Department of Ophthalmology, University Magna Graecia of Catanzaro, Catanzaro, Italy.
Department of Clinical Sciences and Translational Medicine, University of Rome Tor Vergata, Rome, Italy.
Sci Rep. 2023 Oct 29;13(1):18562. doi: 10.1038/s41598-023-45837-2.

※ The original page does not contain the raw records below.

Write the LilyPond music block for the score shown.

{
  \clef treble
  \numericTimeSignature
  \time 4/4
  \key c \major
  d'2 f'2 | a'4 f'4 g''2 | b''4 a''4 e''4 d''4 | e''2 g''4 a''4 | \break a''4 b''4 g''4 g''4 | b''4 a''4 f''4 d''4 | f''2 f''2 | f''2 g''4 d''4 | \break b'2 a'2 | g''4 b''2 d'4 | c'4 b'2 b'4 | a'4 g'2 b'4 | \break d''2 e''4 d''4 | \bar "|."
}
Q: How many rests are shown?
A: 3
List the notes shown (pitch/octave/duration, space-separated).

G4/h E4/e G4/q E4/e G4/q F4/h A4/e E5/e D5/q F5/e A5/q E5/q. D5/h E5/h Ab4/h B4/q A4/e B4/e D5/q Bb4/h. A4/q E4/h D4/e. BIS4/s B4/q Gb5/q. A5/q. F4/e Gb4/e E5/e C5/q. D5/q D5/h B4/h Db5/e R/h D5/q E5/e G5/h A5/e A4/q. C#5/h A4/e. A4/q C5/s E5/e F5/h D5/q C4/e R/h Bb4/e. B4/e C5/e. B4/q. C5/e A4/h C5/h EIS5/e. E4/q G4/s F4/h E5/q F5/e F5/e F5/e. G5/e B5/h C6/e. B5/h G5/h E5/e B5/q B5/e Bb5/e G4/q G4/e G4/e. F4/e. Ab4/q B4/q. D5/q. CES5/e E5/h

To compare the performance of humans, GPT-4.0 and GPT-3.5 in answering multiple-choice questions from the American Academy of Ophthalmology (AAO) Basic and Clinical Science Course (BCSC) self-assessment program, available at https://www.aao.org/education/self-assessments . In June 2023, text-based multiple-choice questions were submitted to GPT-4.0 and GPT-3.5. The AAO provides the percentage of humans who selected the correct answer, which was analyzed for comparison. All questions were classified by 10 subspecialties and 3 practice areas (diagnostics/clinics, medical treatment, surgery). Out of 1023 questions, GPT-4.0 achieved the best score (82.4%), followed by humans (75.7%) and GPT-3.5 (65.9%), with significant difference in accuracy rates (always P < 0.0001). Both GPT-4.0 and GPT-3.5 showed the worst results in surgery-related questions (74.6% and 57.0% respectively). For difficult questions (answered incorrectly by > 50% of humans), both GPT models favorably compared to humans, without reaching significancy. The word count for answers provided by GPT-4.0 was significantly lower than those produced by GPT-3.5 (160 ± 56 and 206 ± 77 respectively, P < 0.0001); however, incorrect responses were longer (P < 0.02). GPT-4.0 represented a substantial improvement over GPT-3.5, achieving better performance than humans in an AAO BCSC self-assessment test. However, ChatGPT is still limited by inconsistency across different practice areas, especially when it comes to surgery.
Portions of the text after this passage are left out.